Glynn Saulters

Personal information
- Born: February 10, 1945 (age 81) Minden, Louisiana, U.S.
- Listed height: 6 ft 2 in (1.88 m)
- Listed weight: 175 lb (79 kg)

Career information
- High school: Lisbon (Lisbon, Louisiana)
- College: Louisiana–Monroe (1964–1968)
- NBA draft: 1968: 12th round, 152nd overall pick
- Drafted by: Cincinnati Royals
- Position: Point guard
- Number: 14

Career history
- 1968–1969: New Orleans Buccaneers
- Stats at Basketball Reference

= Glynn Saulters =

American basketball player

Grady Glynn Saulters Jr. (born February 10, 1945) is an American former professional basketball player born in Minden, Louisiana.
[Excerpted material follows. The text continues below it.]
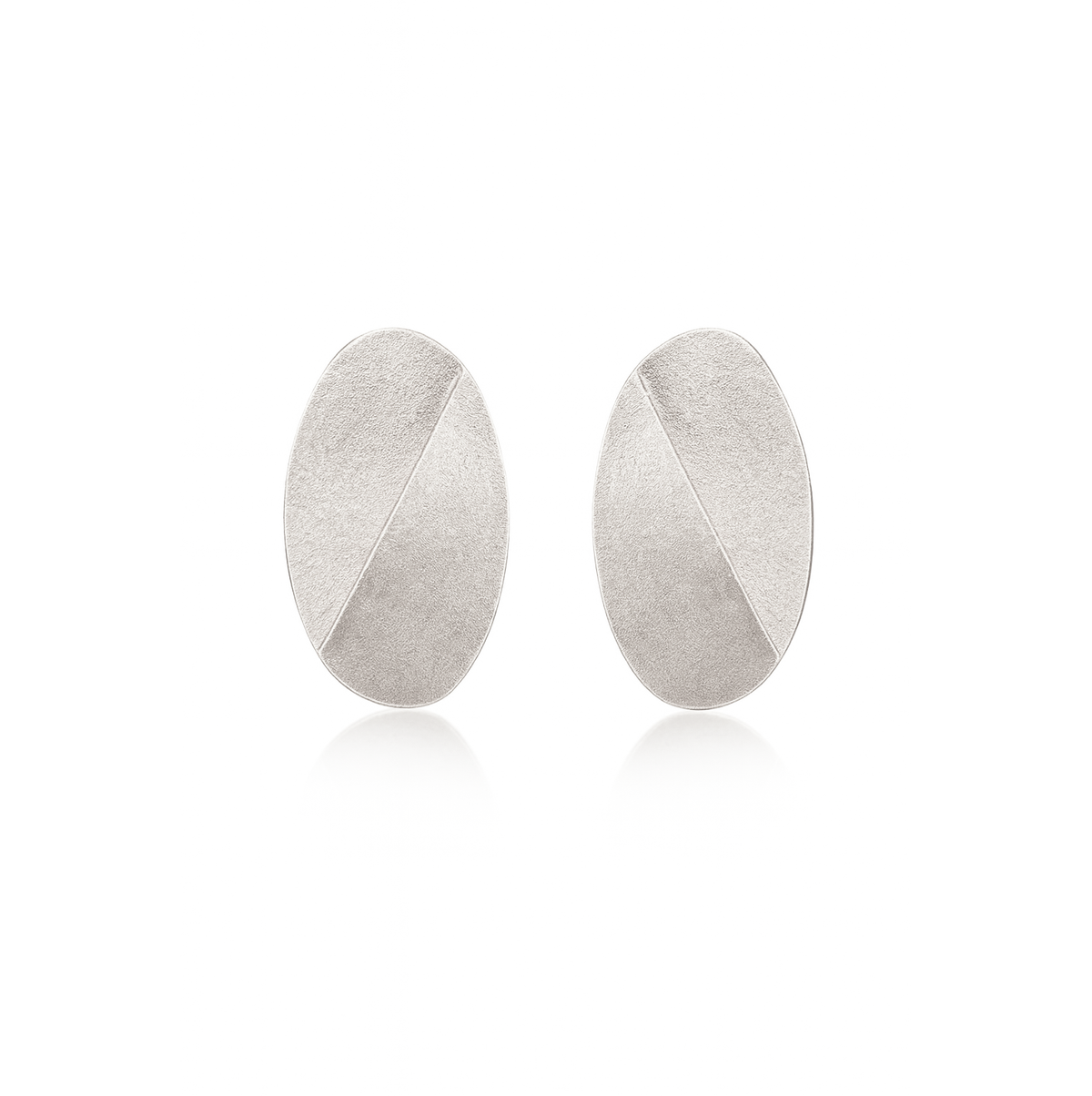 Large Split Oval Textured Stud Earrings | Korczynski | Lily Luna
A 6'2" point guard from Northeast Louisiana University (now the University of Louisiana at Monroe), Saulters competed at the 1968 Summer Olympics, where he won a gold medal with the United States national basketball team. Despite being drafted in the 12th round (152nd overall pick) of the 1968 NBA draft by the National Basketball Association's Cincinnati Royals, he played one season (1968–69) in the American Basketball Association as a member of the New Orleans Buccaneers, scoring 59 points in 22 games.